#### [WORK TO BE COMPLETED]
Here the job is to transcribe only the lines from the one containing "So here's my" through the last line below, exactly as written; please leave out pictures.

#### [ENTRIES SUPPLIED]

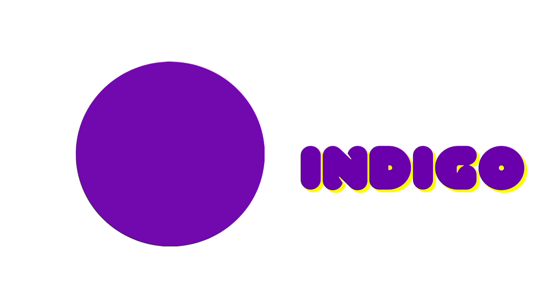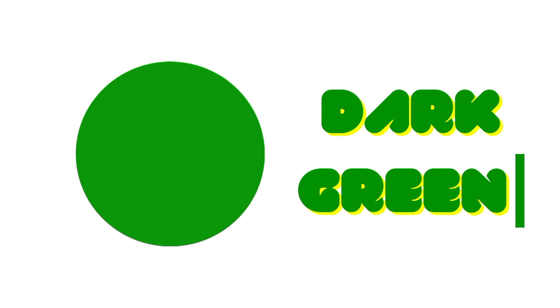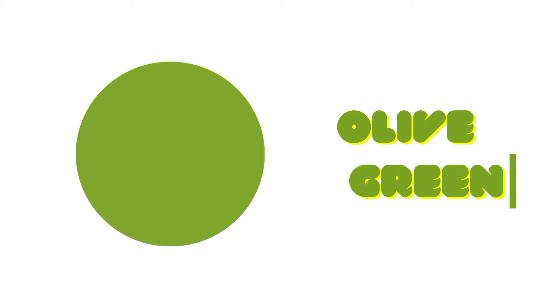Blue-Grey. Dark Green. Blue. Magenta. Olive Green. Blue Blue. White.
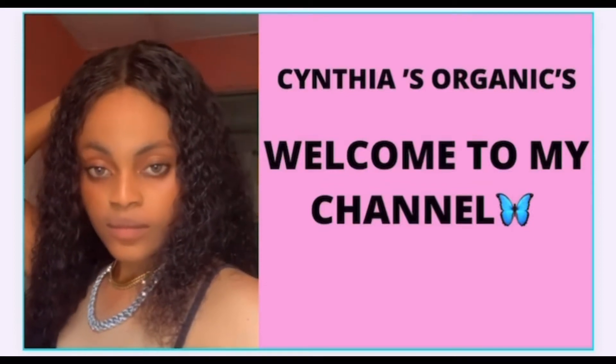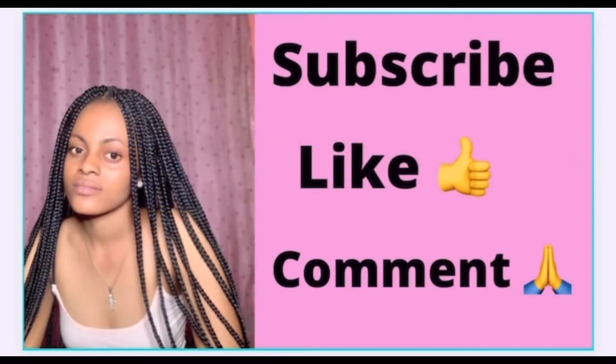Hey guys, welcome to my YouTube channel. If it's the first time seeing this face, hi, my name is Cynthia. To my returning subscribers, thank you for tuning in and coming back to this channel. If you have not subscribed, please kindly subscribe using the button below, and try as much as possible to turn on your post notifications so that you get notified each time I upload a new video.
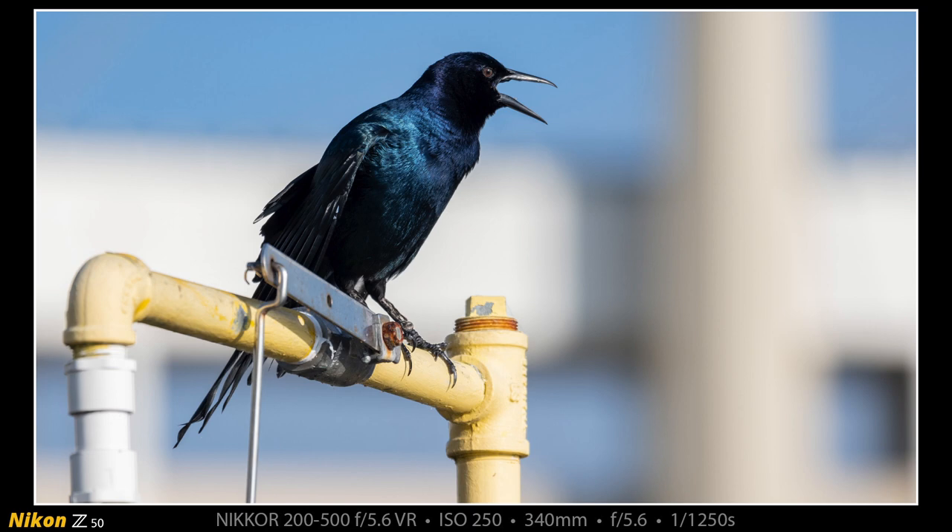I had the 200-500 on the Z50 at the time. I can't show you the Z50 right now because it's recording this clip, but I started out pretty early and made some photographs of some birds. The first bird I found when I went downstairs and started wandering around with my camera was this male boat-tailed grackle.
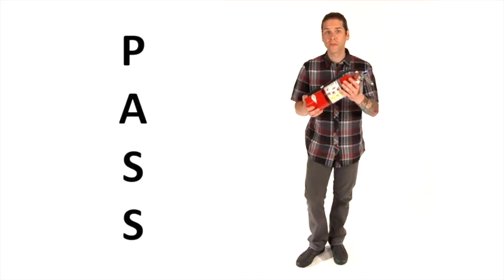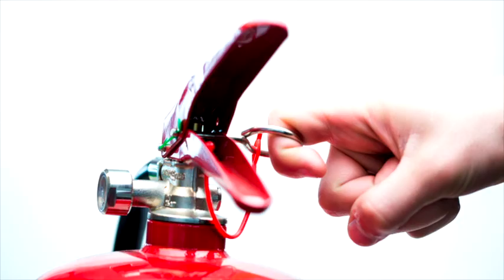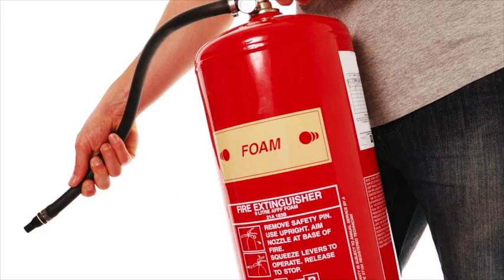Most fire extinguishers use the PASS technique. Pull — pull the pin. Aim — aim low, pointing the extinguisher nozzle at the base of the fire.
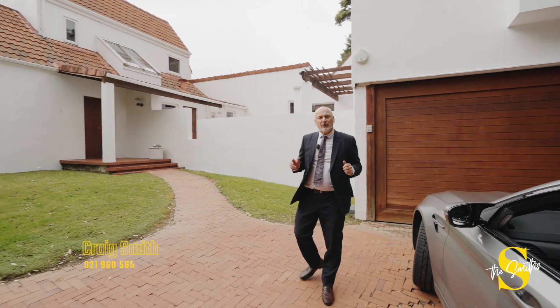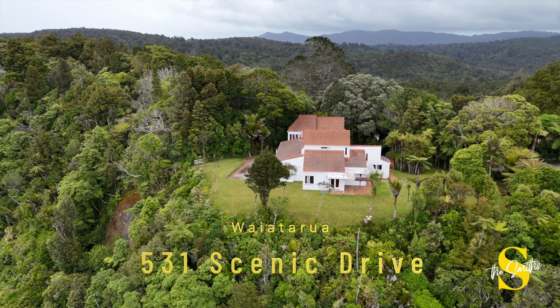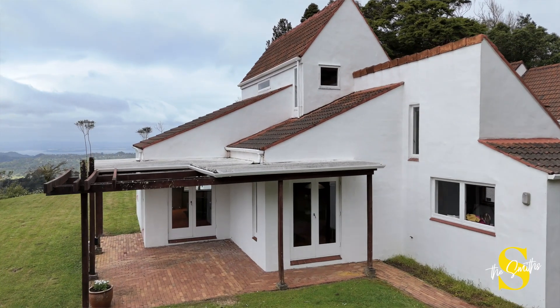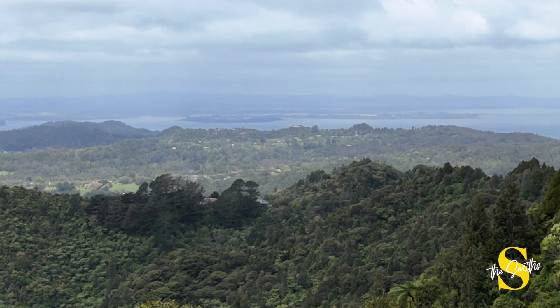Hi, I'm Craig Smith of the Smiths, West Auckland's leading property team, and today I'm taking you to the top of the world — or should I say the top of Auckland. In fact, we're in Waiataroa, the Waitakere Ranges, at 531 Scenic Drive, one of the most elevated homes available on the market in Auckland.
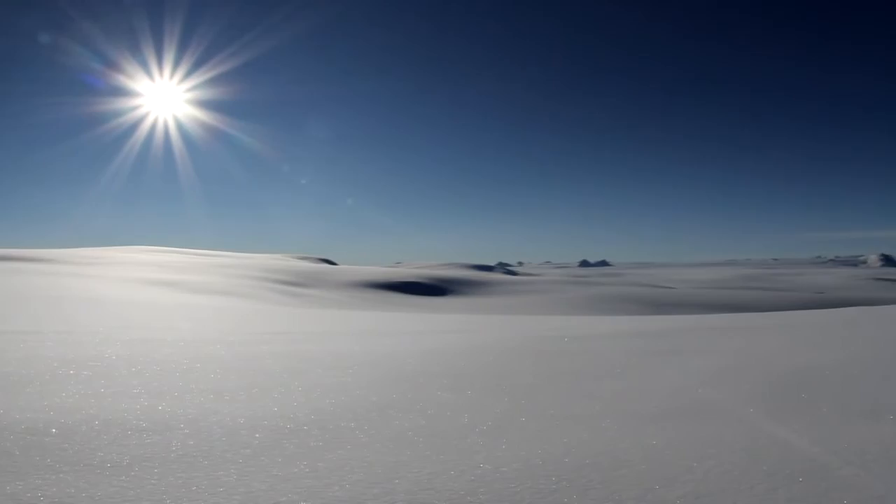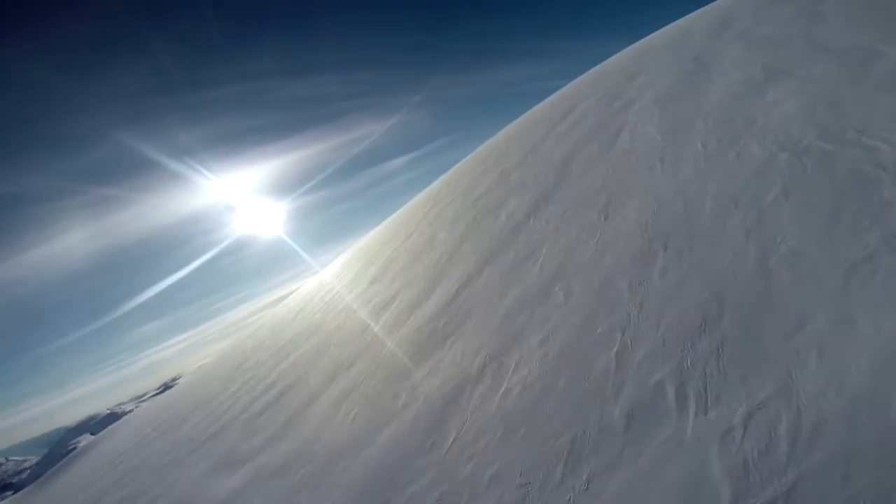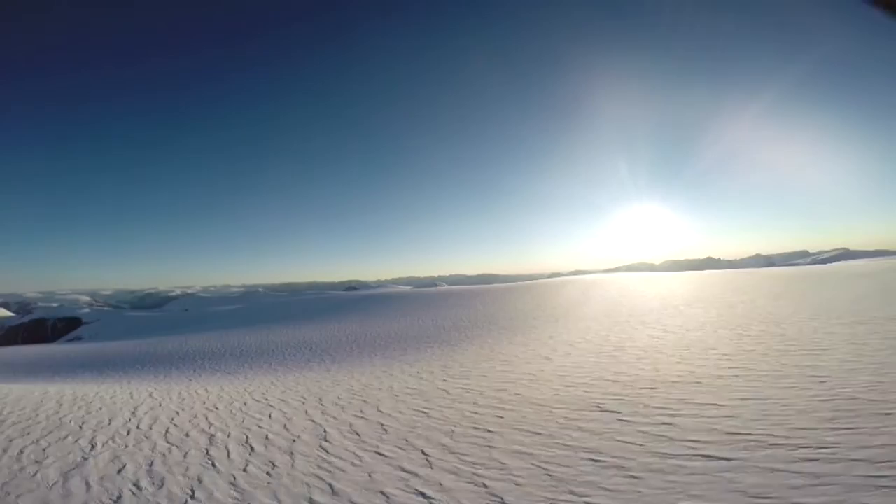When we talk about climate change and the impact of the ice on the surface of the ocean, we must see this glacier and feel it. For this, we are accompanied by the best pilot in France, linked to Antarctica and the polar region.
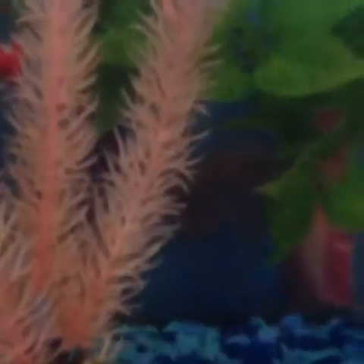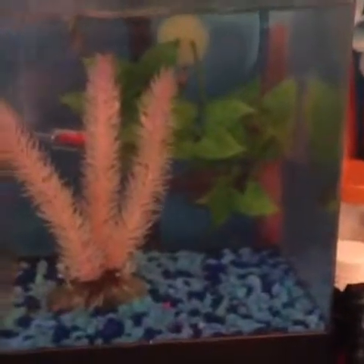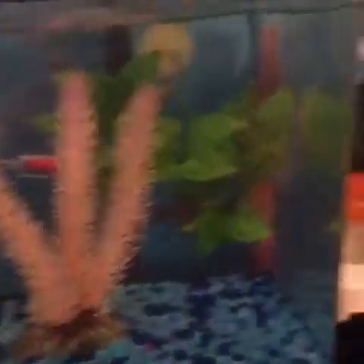So here's my convict cichlid male I was telling you guys about — he's really shy, but he killed one of my other fish. So I separated him. Right now he's in a smaller tank, I think it's five gallons. He should be fine — I'm going to get him some more plants so he can feel more safe.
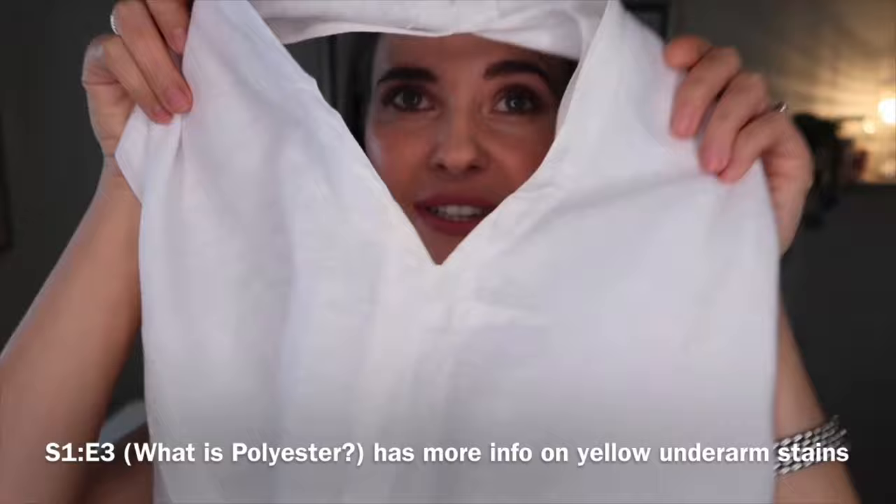And to show you, the underarms don't have any yellow to them, which just shows you that if you use 100% pure linen, you don't have to worry about that yellow underarm stain that some t-shirts and things might have.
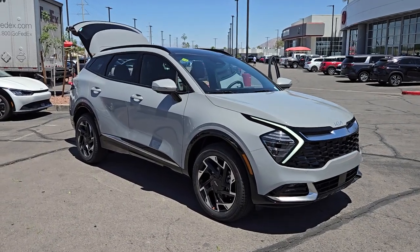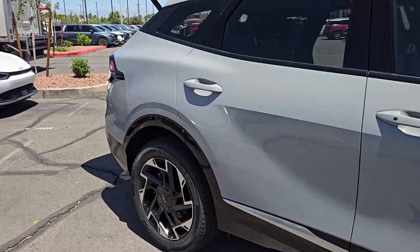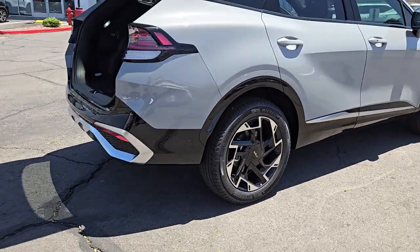Look no further than the 2024 Kia Sportage. Whether you're running errands or embarking on a family road trip, this sleek, can-do Sportage brings convenience, comfort, and confidence along for the ride. Available in front-wheel drive or all-wheel drive.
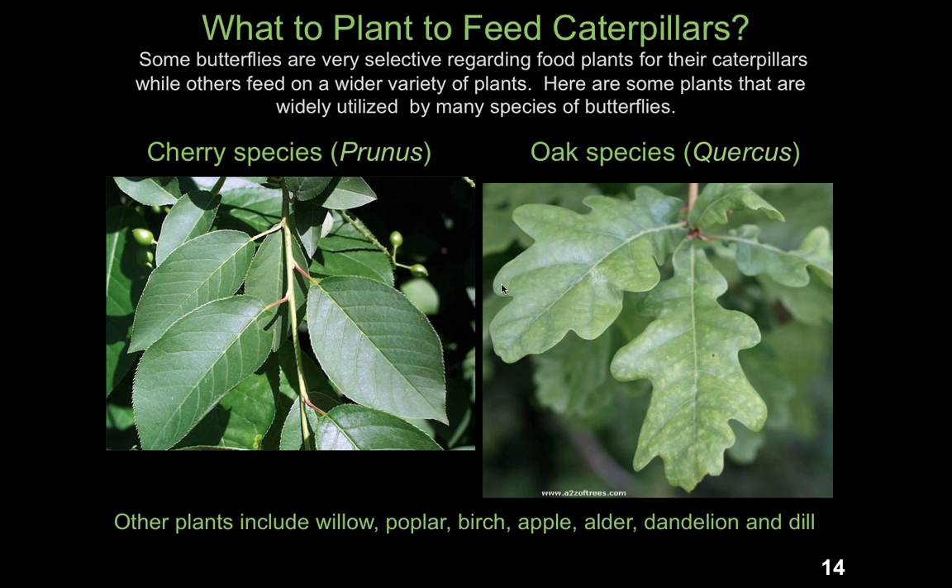We also need to plant to feed the caterpillars. Some very common plants are often utilized as caterpillar food. Butterflies with generalist caterpillars will often use plants like cherries, oaks, willows, poplars, birch trees, apple trees, alder trees, dandelions, and dill. Dill is particularly popular with the caterpillars of various swallowtails, whereas the tiger swallowtail utilizes ash trees.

#### [RESULT OF THE TASK]
So here's my convict cichlid male I was telling you guys about — he's really shy, but he killed one of my other fish. So I separated him. Right now he's in a smaller tank, I think it's five gallons. He should be fine — I'm going to get him some more plants so he can feel more safe.
And to show you, the underarms don't have any yellow to them, which just shows you that if you use 100% pure linen, you don't have to worry about that yellow underarm stain that some t-shirts and things might have.
Look no further than the 2024 Kia Sportage. Whether you're running errands or embarking on a family road trip, this sleek, can-do Sportage brings convenience, comfort, and confidence along for the ride. Available in front-wheel drive or all-wheel drive.
We also need to plant to feed the caterpillars. Some very common plants are often utilized as caterpillar food. Butterflies with generalist caterpillars will often use plants like cherries, oaks, willows, poplars, birch trees, apple trees, alder trees, dandelions, and dill. Dill is particularly popular with the caterpillars of various swallowtails, whereas the tiger swallowtail utilizes ash trees.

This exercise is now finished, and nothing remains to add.